Meanwhile, the pictures of carnage continue to stream in from Lebanon. Here is a set from Bint Jbail, and one from Qana and the south. Editor of as-Safir Hanady Salman, who collected the pictures, writes:
So July is over. Now it's Beirut, August 2006.
I don't know if any of you are reporters who covered wars in their homeland. But it's really weird, somehow "funny".
Editors crying while reading their reporters' stories, photographers breaking down, colleagues calling their kids in the middle of the night after seeing pictures from the south, weird sounds during editorial meetings ( you know how men like to hide their tears and emotions) , women wearing black as a "natural reflex", men growing the beards, even our publisher doesn't wear suits anymore.
People are sleeping here, somewhere in the basement.
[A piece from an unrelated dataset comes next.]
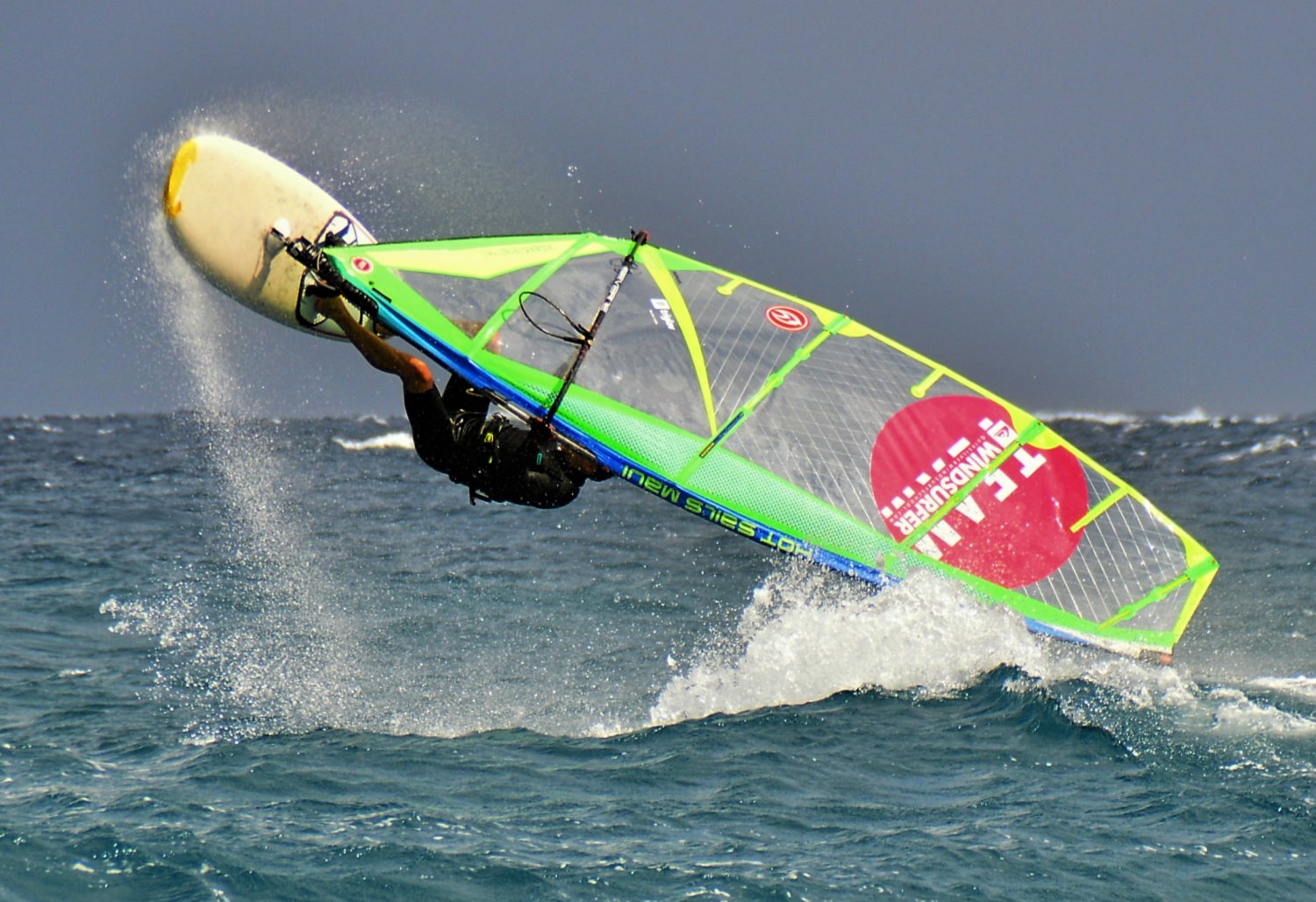 22.01.2020 - El Naaba Bay (Marsa Alam)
Women sleep in the nearby furnished apartment building.
In the morning, we don't greet each other anymore; we just look deep into each other's eyes. Some turn their faces away, some lecture about the necessity of being strong. We touch each other a lot. Hugs here, holding hands there, a mere tap on the shoulder.. you name it.
People stay around each other. No one likes to stay alone in an office. We order food and eat together. But we never talk about anything concerning what's happening.
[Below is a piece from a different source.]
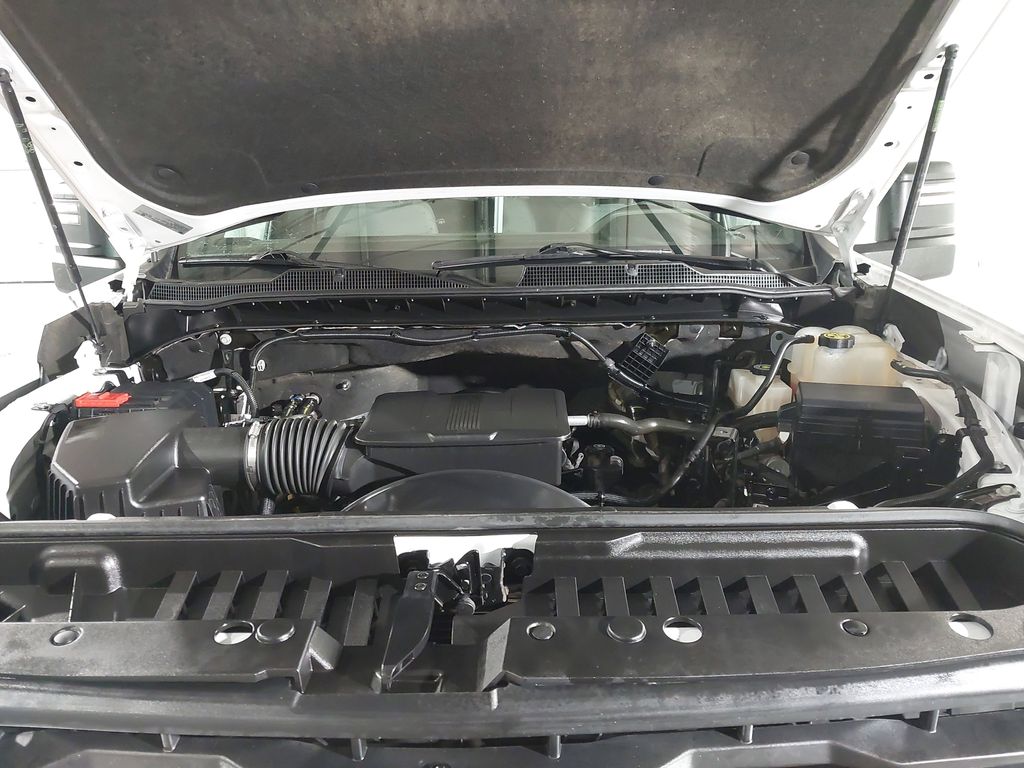 2024 Chevrolet Silverado 2500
We watch the news together, we weep, we smile, but we don't say anything and then we get back to work. Someone goes out , the only question I ask them when they get back is : how many words , and when will you be done. No details, no one wants to tell what they see, no one wants to hear it. We write while crying, we read it and cry, but we never talk about it.
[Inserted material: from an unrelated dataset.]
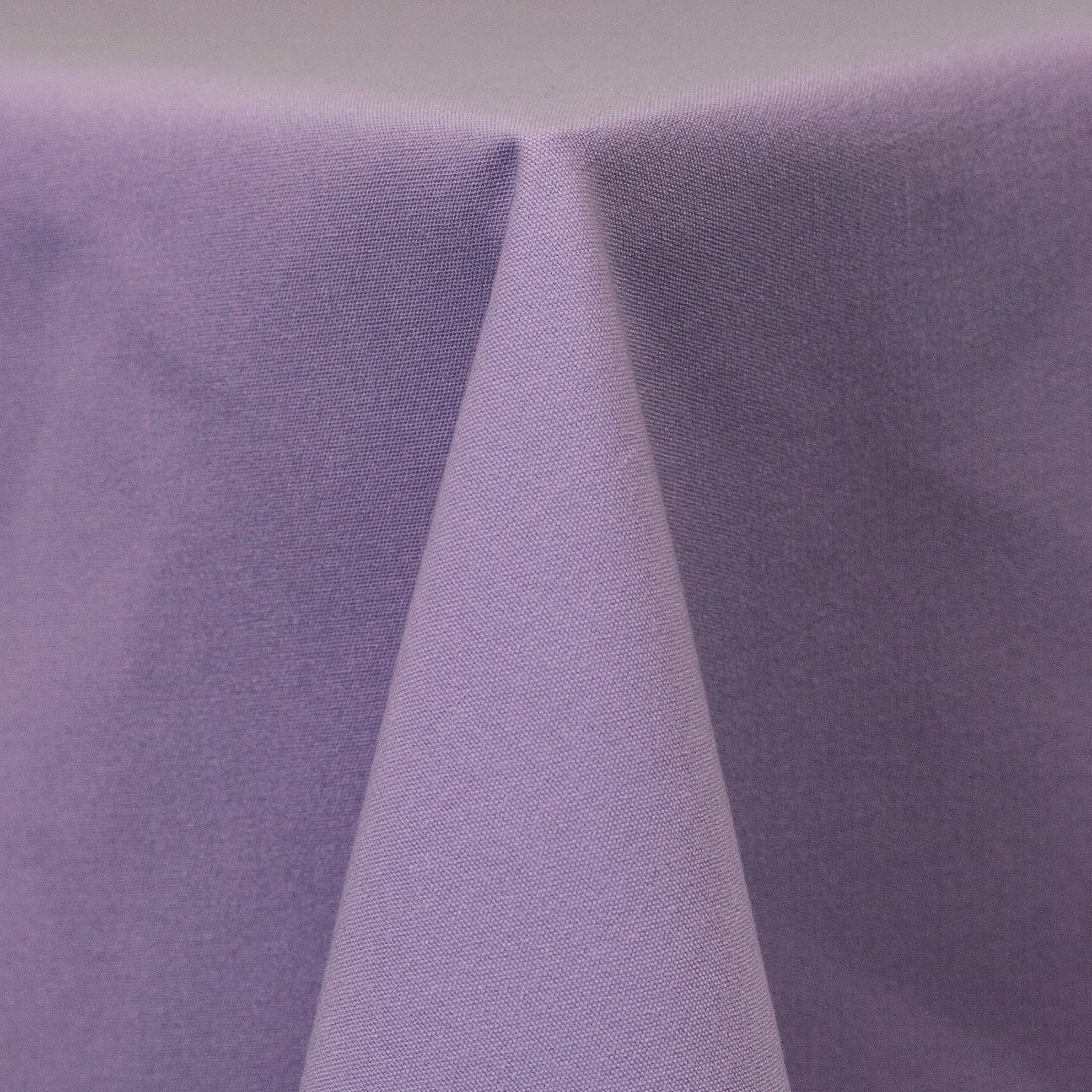 Solid Cotton Nouveau Lilac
Saada had tears in her eyes yesterday in her office. I came in and spoke to her and she answered back and her tears kept coming but we both behaved as if nothing was happening. I didn't see her tears, and she wasn't crying.
Zeinab called me from Tyre yesterday. She was in the hospital. She was telling me something about her story and then suddenly she started yelling "you can't believe what's happening here, you won't believe what's happening here, oh Hanady please khalas , please I can't take it anymore." And then, suddenly also, she stopped, went back to her normal tone of voice and finished our "professional conversation".
Yesterday Wajdi and Ali decided to take me out to the sea side. They almost dragged me out of the office, put me in the car and drove through Hamra to the Corniche. I was looking at the streets, the houses, the cars, the shops as if I see them for the first time.
I hadn't been to Hamra ever since this had started. I go out to the southern suburb to check out the damages, I go to schools and parks where refugees stay, but otherwise I stay in the office and go home.
So, we went to the Manara Corniche, they got me coffee, we sat on a bench and they started making plans for when this will be over. They agreed they should take their families to Sharm El Sheikh, in Sinai, Egypt. There, the kids will swim, and they will get to rest. I told them that the whole newspaper should take a week off, when this is over, to rest. So they suggested we all go together to Sharm el Sheikh. I said I'm renting a whole floor in the hospital for psychiatric patients "assfouriyeh". They suggested I make reservations now, because at the end of the war, room prices in Assfouriyeh will rise. They spoke as if they were certain this will end before the summer is over, as if they were certain Sharm el Sheikh still exists, as if they were certain that outside this country , life is still going on.
I always thought that I had a limited mind. For me life happens only here and now.